**Prompt**
Your answer must be a word-for-word copy of the listing, with all pictures excluded.

**Task data**
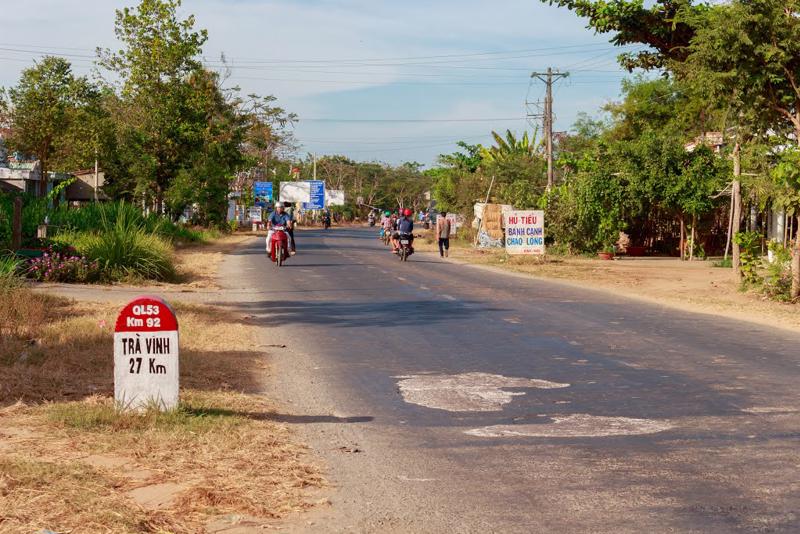 Ba tuyến quốc lộ 53, 62 và 91B qua các tỉnh ĐBSCL đã được Bộ Giao thông vận tải trình lên Thủ tướng Chính phủ phê duyệt đầu tư nâng cấp cải tạo, sử dụng nguồn vốn vay của Ngân hàng Thế giới. Ảnh: Văn Thuận.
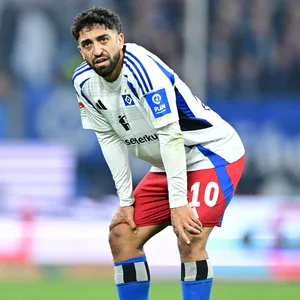 Immanuel Pherai stützt sich auf seinen Oberschenkeln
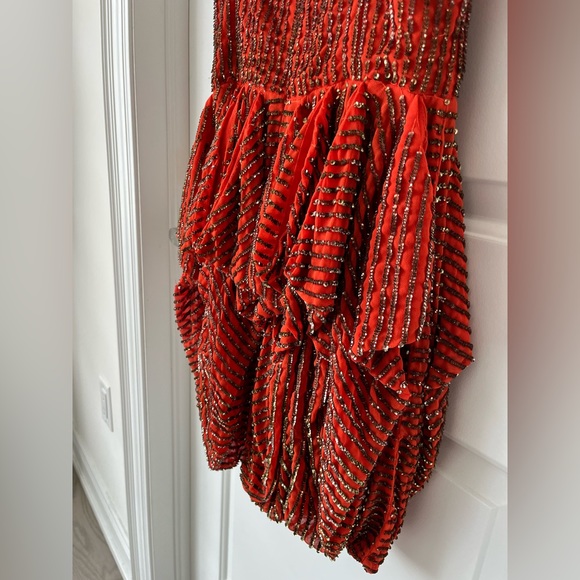 ADORABLE French Connection Samara Sequin cocktail mini dress! Size 4 and unique! - Picture 3 of 7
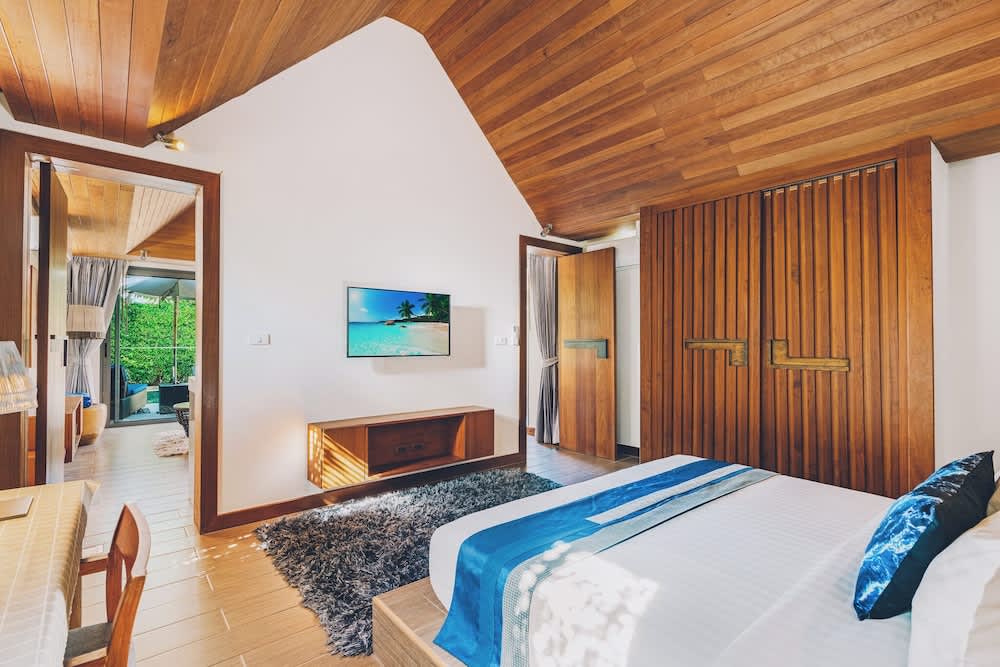 Allure Resort 1
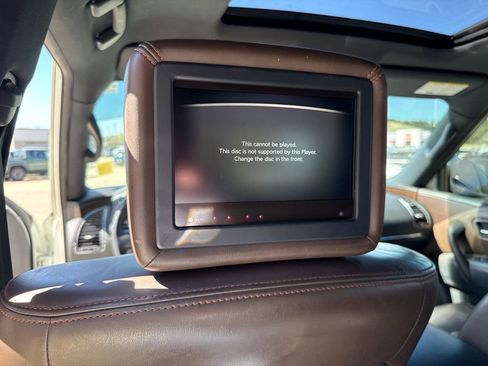 Used 2018 Nissan Armada Platinum w/ Captain Seat Package image 32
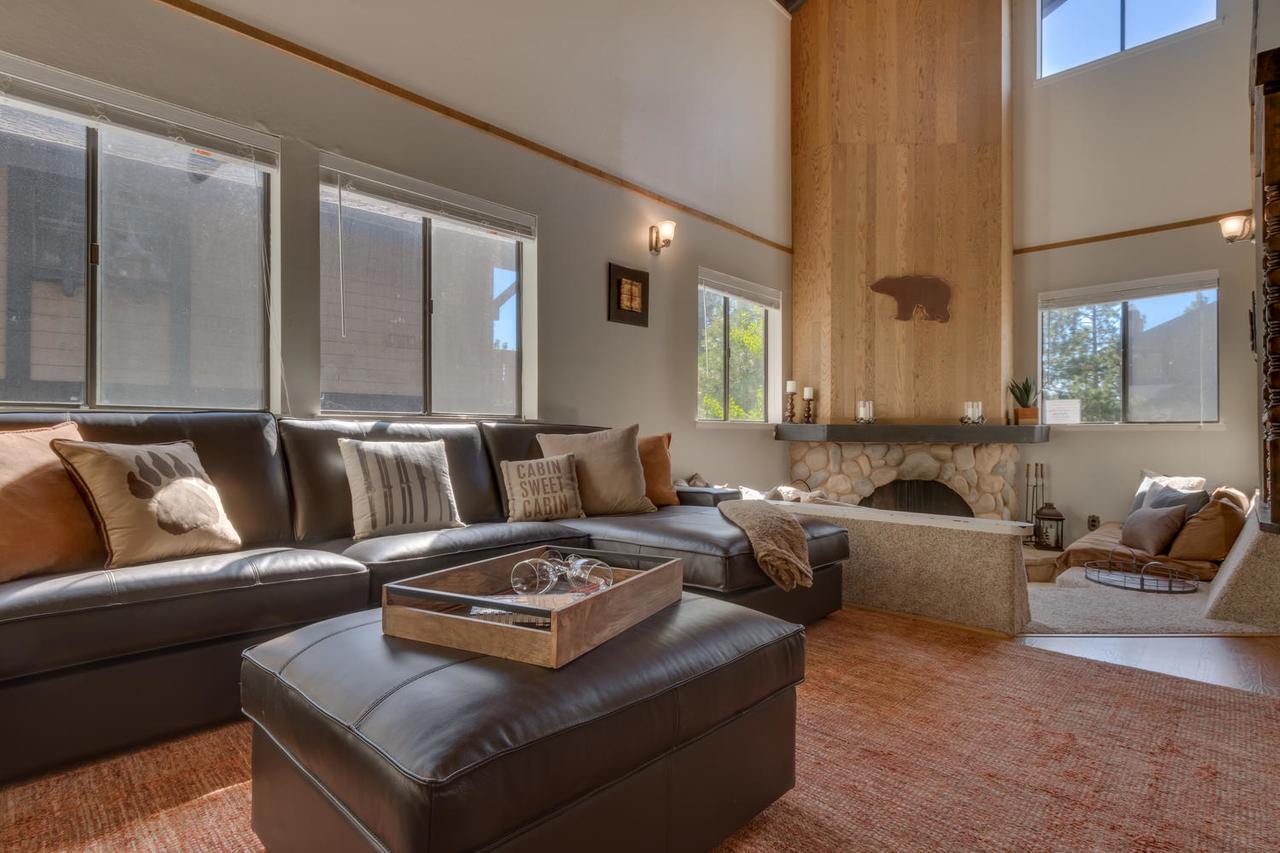 The Knotty Bear - Three Bedroom *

**Answer**
 Ba tuyến quốc lộ 53, 62 và 91B qua các tỉnh ĐBSCL đã được Bộ Giao thông vận tải trình lên Thủ tướng Chính phủ phê duyệt đầu tư nâng cấp cải tạo, sử dụng nguồn vốn vay của Ngân hàng Thế giới. Ảnh: Văn Thuận.
 Immanuel Pherai stützt sich auf seinen Oberschenkeln
 ADORABLE French Connection Samara Sequin cocktail mini dress! Size 4 and unique! - Picture 3 of 7
 Allure Resort 1
 Used 2018 Nissan Armada Platinum w/ Captain Seat Package image 32
 The Knotty Bear - Three Bedroom *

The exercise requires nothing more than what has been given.